DATA FOR PROCESSING:
----

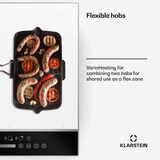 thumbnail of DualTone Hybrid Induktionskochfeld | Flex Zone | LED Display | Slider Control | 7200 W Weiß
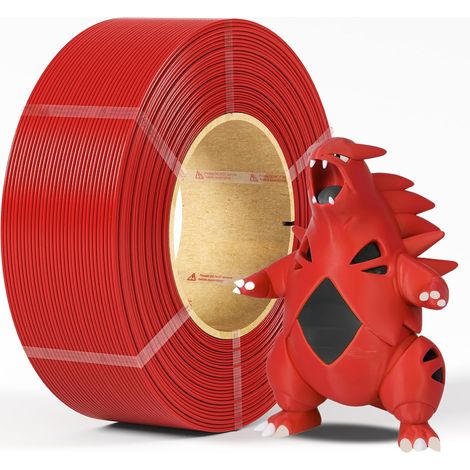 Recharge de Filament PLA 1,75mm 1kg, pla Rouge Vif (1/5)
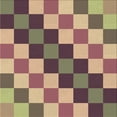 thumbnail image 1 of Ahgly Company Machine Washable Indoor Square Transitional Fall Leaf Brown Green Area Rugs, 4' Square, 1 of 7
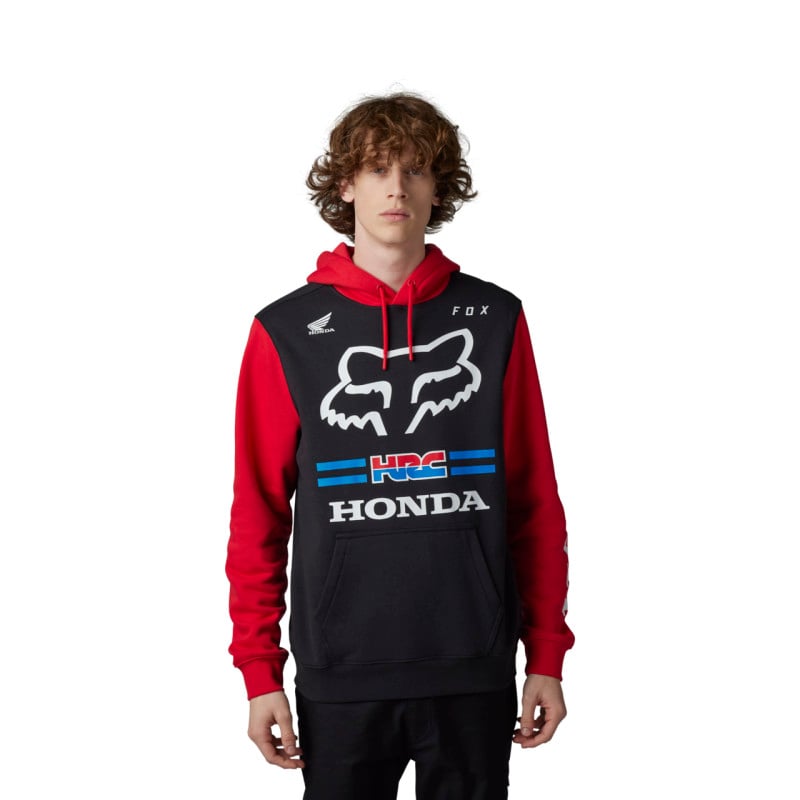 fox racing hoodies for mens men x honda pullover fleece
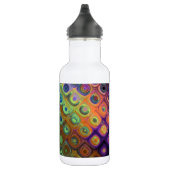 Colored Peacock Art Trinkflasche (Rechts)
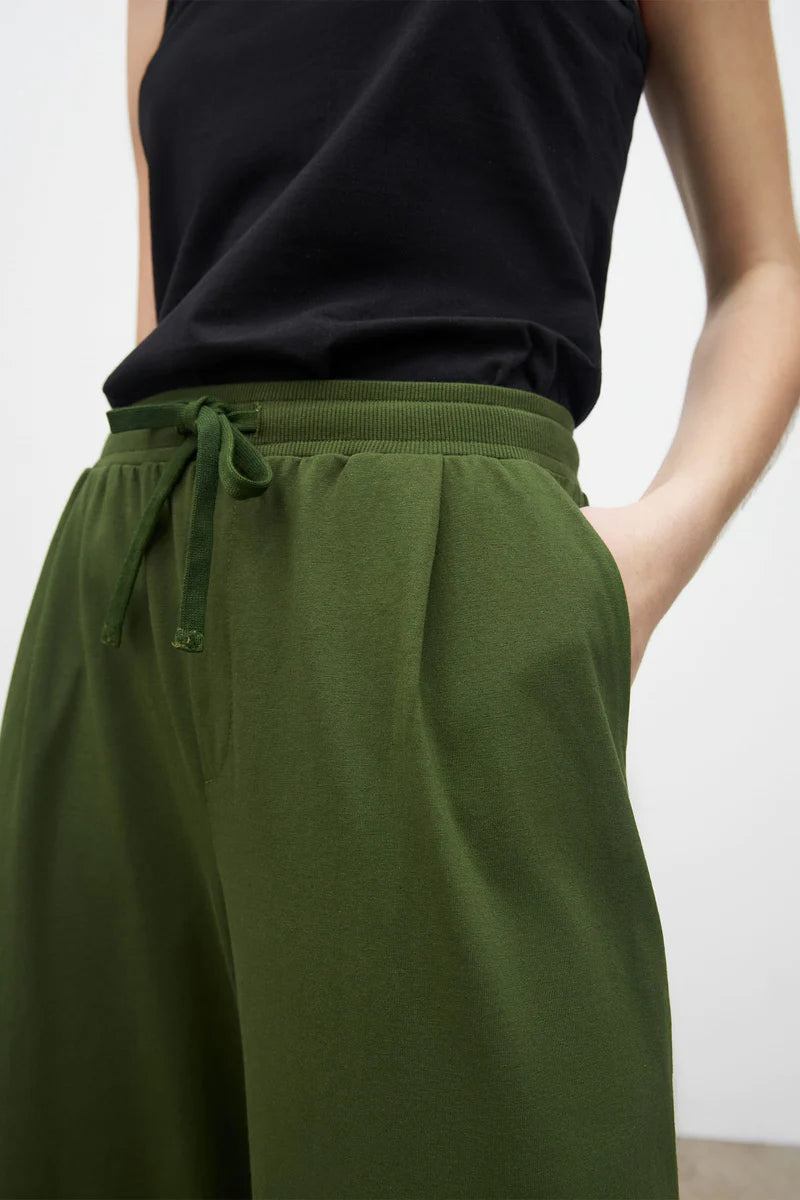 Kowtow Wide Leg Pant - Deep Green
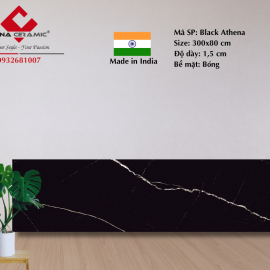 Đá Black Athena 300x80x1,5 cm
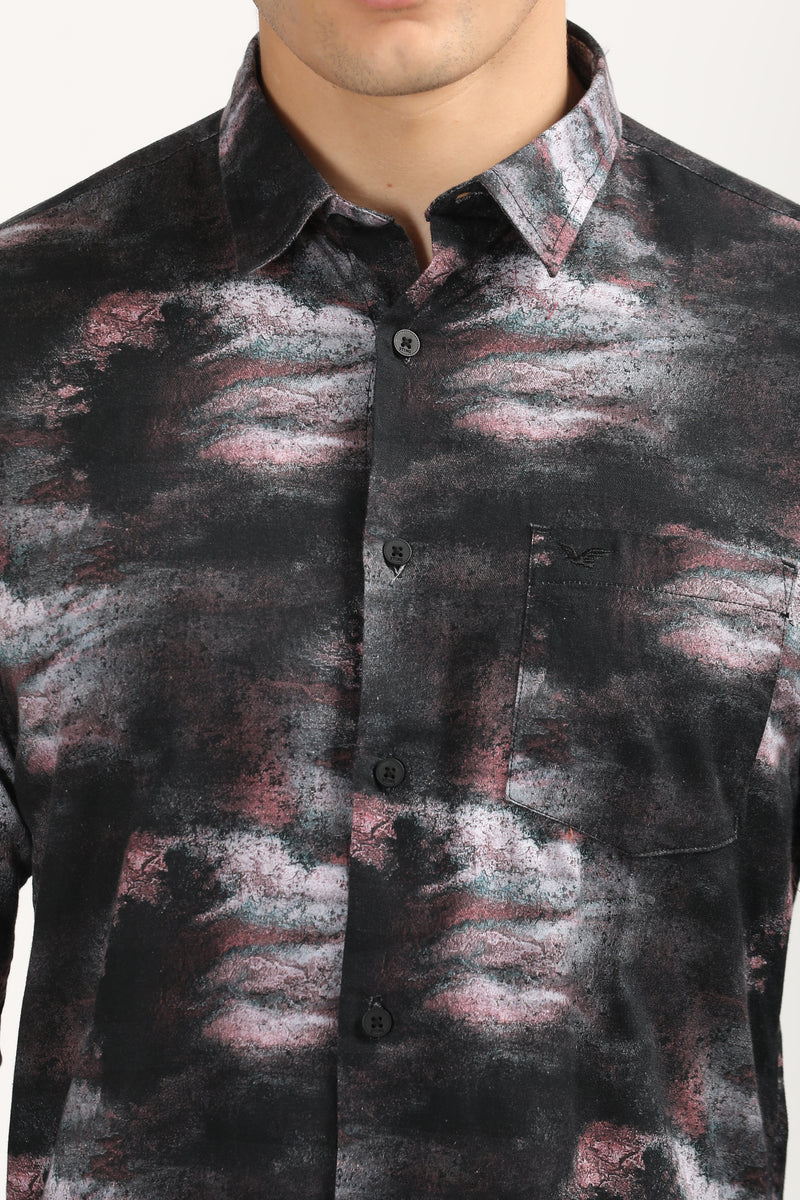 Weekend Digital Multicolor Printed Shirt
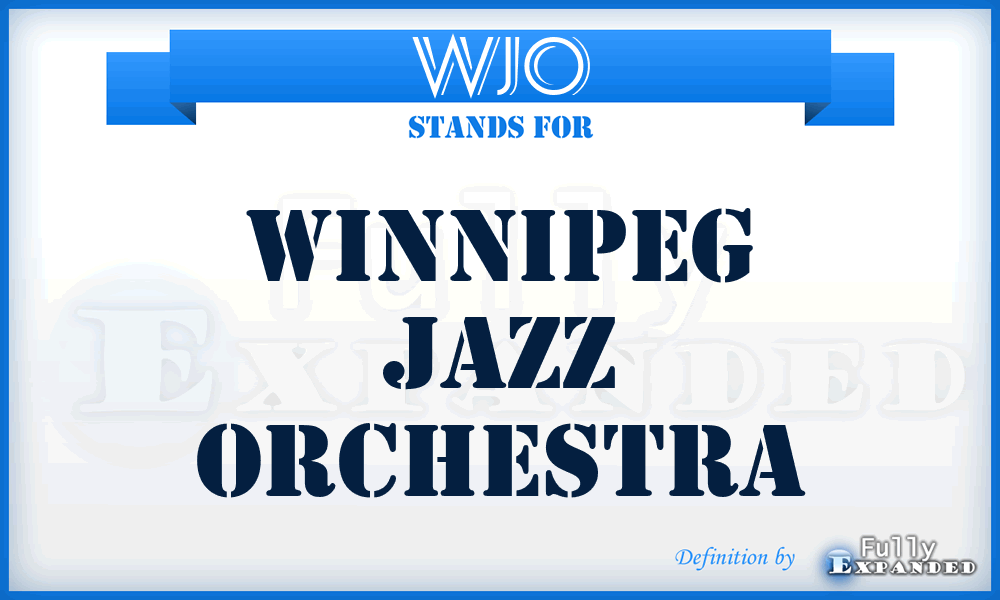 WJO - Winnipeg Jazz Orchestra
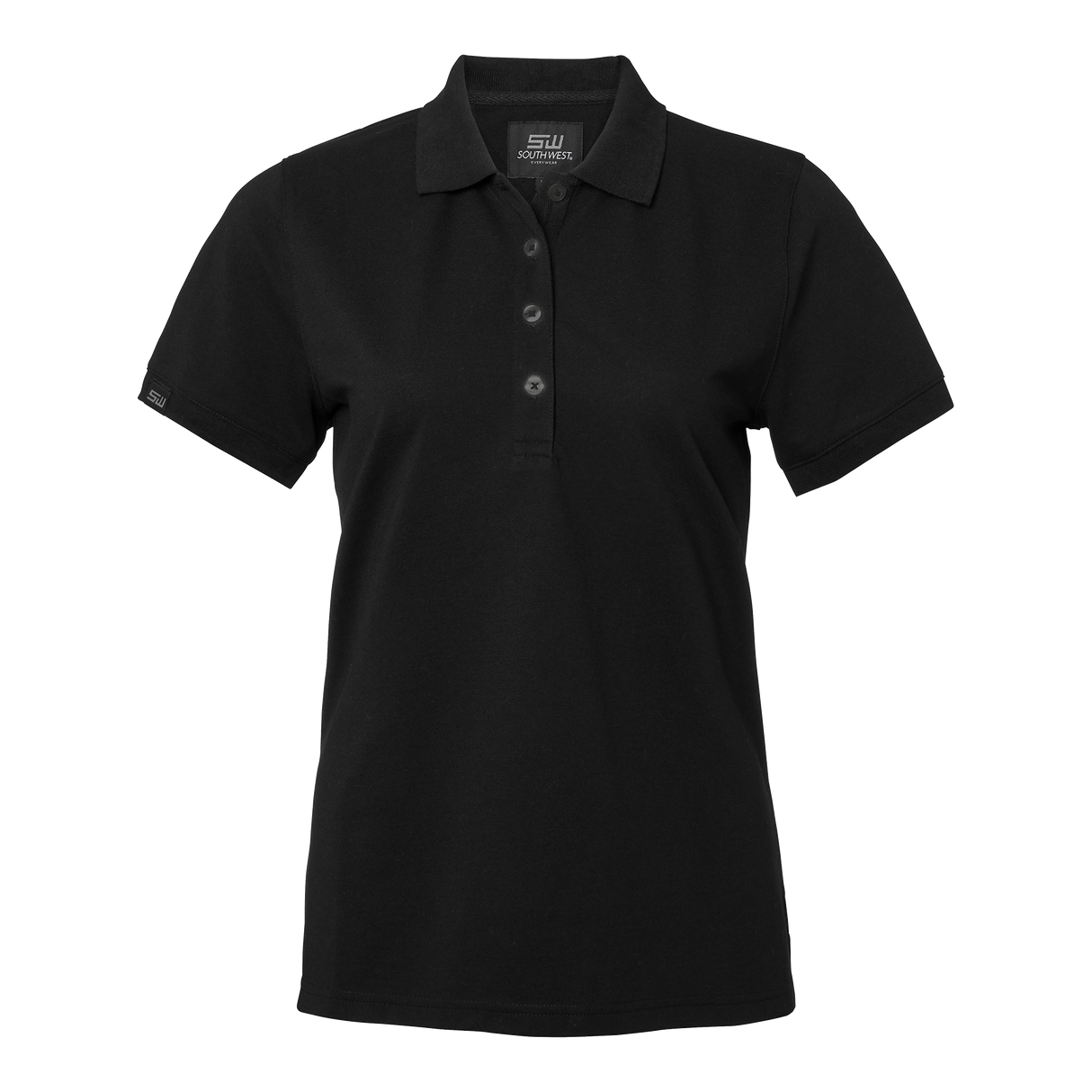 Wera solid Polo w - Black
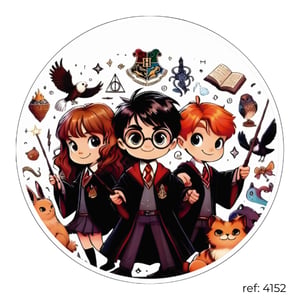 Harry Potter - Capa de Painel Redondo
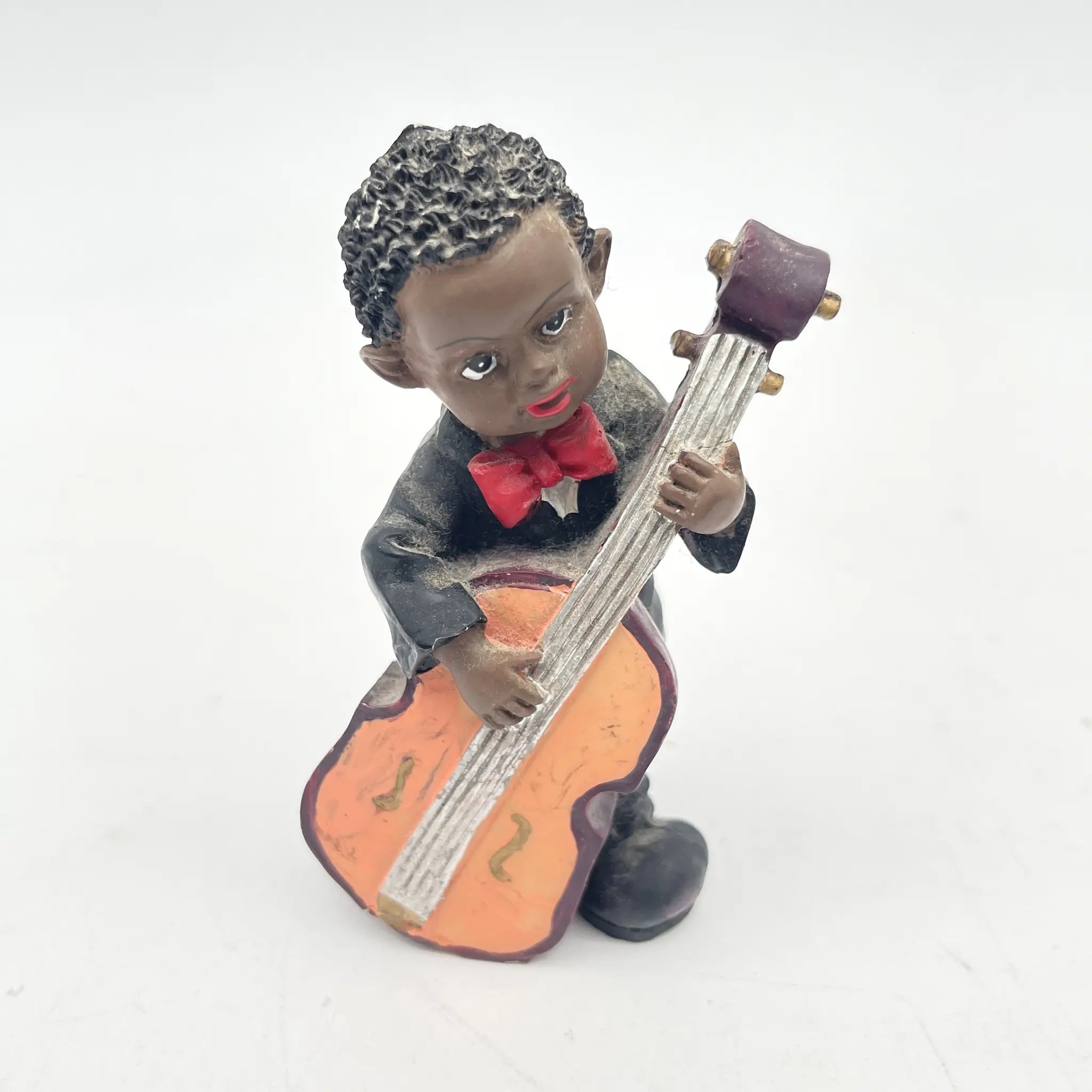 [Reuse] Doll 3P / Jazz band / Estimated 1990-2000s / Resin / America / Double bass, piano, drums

----

WORK TASK:
Please copy the lines above, starting at the one that holds "thumbnail image 1" and stopping after the last line, exactly as they appear and minus the pictures.

EXERCISE OUTPUT:
 thumbnail image 1 of Ahgly Company Machine Washable Indoor Square Transitional Fall Leaf Brown Green Area Rugs, 4' Square, 1 of 7
 fox racing hoodies for mens men x honda pullover fleece
 Colored Peacock Art Trinkflasche (Rechts)
 Kowtow Wide Leg Pant - Deep Green
 Đá Black Athena 300x80x1,5 cm
 Weekend Digital Multicolor Printed Shirt
 WJO - Winnipeg Jazz Orchestra
 Wera solid Polo w - Black
 Harry Potter - Capa de Painel Redondo
 [Reuse] Doll 3P / Jazz band / Estimated 1990-2000s / Resin / America / Double bass, piano, drums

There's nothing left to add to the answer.